I considered rendering multiple frames concurrently, since even HdRenderIndex uses a lot of parallel computation in the SyncAll function, usdview doesn’t seem to fully utilize CPU or GPU resources. When I tried to add concurrency in UsdImagingGLEngine, I found that Hydra is not thread-safe when marking dirty states or retrieving render parameters.
So, is there any way to render multiple frames concurrently, or any other approach to cache topology and so on before playback? We don’t need to edit the stage—just review it—so I hope this makes things easier. Any suggestions are appreciated. Thank you!
Note:
I also tried fetching all time-varying attributes before playback, but as mentioned above, the main bottleneck seems to be in Hydra, so this didn’t help much.
Sending this over to the Hydra category. There is definitely the option of adding frame-caching to usdview for play-blasting, so that playthrough after the first time will be fast, but that would not address the “15 minutes to render all frames” latency.
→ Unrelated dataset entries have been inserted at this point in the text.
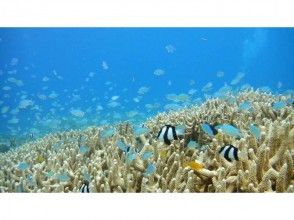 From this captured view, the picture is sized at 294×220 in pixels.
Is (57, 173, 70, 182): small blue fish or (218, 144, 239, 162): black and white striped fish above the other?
(218, 144, 239, 162): black and white striped fish

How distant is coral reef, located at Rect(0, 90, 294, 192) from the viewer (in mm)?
4668

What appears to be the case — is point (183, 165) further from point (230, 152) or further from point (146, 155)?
point (230, 152)

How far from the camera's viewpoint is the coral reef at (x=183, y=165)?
15.3 ft

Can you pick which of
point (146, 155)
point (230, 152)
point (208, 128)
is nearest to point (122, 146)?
point (146, 155)

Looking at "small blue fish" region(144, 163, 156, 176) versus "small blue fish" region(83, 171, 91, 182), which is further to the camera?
"small blue fish" region(83, 171, 91, 182)

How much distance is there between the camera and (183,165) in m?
5.21

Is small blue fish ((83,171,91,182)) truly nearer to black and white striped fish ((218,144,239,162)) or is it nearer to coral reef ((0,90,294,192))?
coral reef ((0,90,294,192))

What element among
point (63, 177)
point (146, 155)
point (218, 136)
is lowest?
point (63, 177)

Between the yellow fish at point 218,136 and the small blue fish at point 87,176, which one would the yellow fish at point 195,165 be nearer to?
the yellow fish at point 218,136

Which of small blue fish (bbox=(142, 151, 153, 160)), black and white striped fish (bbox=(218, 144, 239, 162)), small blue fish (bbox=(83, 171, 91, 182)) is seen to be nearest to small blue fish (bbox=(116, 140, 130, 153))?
small blue fish (bbox=(142, 151, 153, 160))

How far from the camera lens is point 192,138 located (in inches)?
253

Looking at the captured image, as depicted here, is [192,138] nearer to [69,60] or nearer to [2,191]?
[2,191] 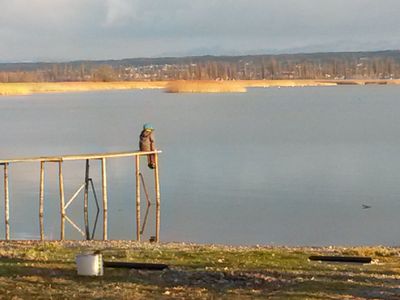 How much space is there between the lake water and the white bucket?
575 cm

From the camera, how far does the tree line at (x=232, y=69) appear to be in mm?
134875

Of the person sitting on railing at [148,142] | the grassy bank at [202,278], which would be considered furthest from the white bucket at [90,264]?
the person sitting on railing at [148,142]

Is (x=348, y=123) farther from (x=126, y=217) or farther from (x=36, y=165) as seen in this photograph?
(x=126, y=217)

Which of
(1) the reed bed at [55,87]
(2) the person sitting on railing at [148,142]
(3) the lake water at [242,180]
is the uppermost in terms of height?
(1) the reed bed at [55,87]

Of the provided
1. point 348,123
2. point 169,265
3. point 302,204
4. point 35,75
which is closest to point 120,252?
point 169,265

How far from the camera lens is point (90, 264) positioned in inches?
285

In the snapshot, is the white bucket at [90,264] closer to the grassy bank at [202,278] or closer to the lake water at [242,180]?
the grassy bank at [202,278]

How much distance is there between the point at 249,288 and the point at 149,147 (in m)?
10.5

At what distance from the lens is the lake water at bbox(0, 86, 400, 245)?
553 inches

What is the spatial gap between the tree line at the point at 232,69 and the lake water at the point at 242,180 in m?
88.6

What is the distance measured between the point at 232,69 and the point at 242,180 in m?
133

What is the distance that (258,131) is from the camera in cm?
3259

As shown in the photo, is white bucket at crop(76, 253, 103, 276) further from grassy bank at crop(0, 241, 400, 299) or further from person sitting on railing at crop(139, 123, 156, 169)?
person sitting on railing at crop(139, 123, 156, 169)

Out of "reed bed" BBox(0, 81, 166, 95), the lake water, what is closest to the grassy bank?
the lake water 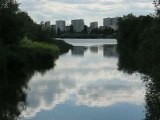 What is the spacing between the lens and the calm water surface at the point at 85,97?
78.8ft

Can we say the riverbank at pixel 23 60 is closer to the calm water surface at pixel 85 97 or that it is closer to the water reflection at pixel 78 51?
the calm water surface at pixel 85 97

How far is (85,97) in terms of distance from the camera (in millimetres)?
30141

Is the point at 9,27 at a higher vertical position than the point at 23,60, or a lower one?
higher

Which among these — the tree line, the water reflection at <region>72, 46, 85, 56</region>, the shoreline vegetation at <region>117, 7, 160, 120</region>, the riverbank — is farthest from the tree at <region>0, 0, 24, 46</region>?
the water reflection at <region>72, 46, 85, 56</region>

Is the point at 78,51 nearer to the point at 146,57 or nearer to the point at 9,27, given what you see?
the point at 9,27

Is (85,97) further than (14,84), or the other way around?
(14,84)

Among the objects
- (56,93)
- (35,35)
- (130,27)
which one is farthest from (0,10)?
(130,27)

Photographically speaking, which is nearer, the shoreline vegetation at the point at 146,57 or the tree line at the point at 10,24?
the shoreline vegetation at the point at 146,57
There isn’t currently a way to ask Hydra to render frames concurrently, but I agree with spiff that adding frame-caching for play-blasting to usdview would be helpful to achieve guaranteed playback rates for heavy scenes.
I assume you are already presenting progress frames to the user so they are getting some visual feedback while the frame sequence is pre-rendering.
Storm is specifically designed to cache mesh topologies. So if only points are moving after the first frame then the time spent processing mesh topologies should be minimal for subsequent frames. I think that aligns with the time improvement you are seeing after the first frame has been processed.
If the data starts on network storage then it is easy for storage access time to be the overall bottleneck regardless of the renderer, but that should also improve significantly once the data is present in a local disk cache.
SyncAll is only one of the parallel data processing points Hydra Storm. With lots of dynamic mesh points data you might also see parallel CPU tasks and GPU compute tasks during resource registry Commit.
Thanks to spiff and davidgyu for clarifying that Hydra currently cannot render frames concurrently. Your feedback saved me from spending more time pursuing that path.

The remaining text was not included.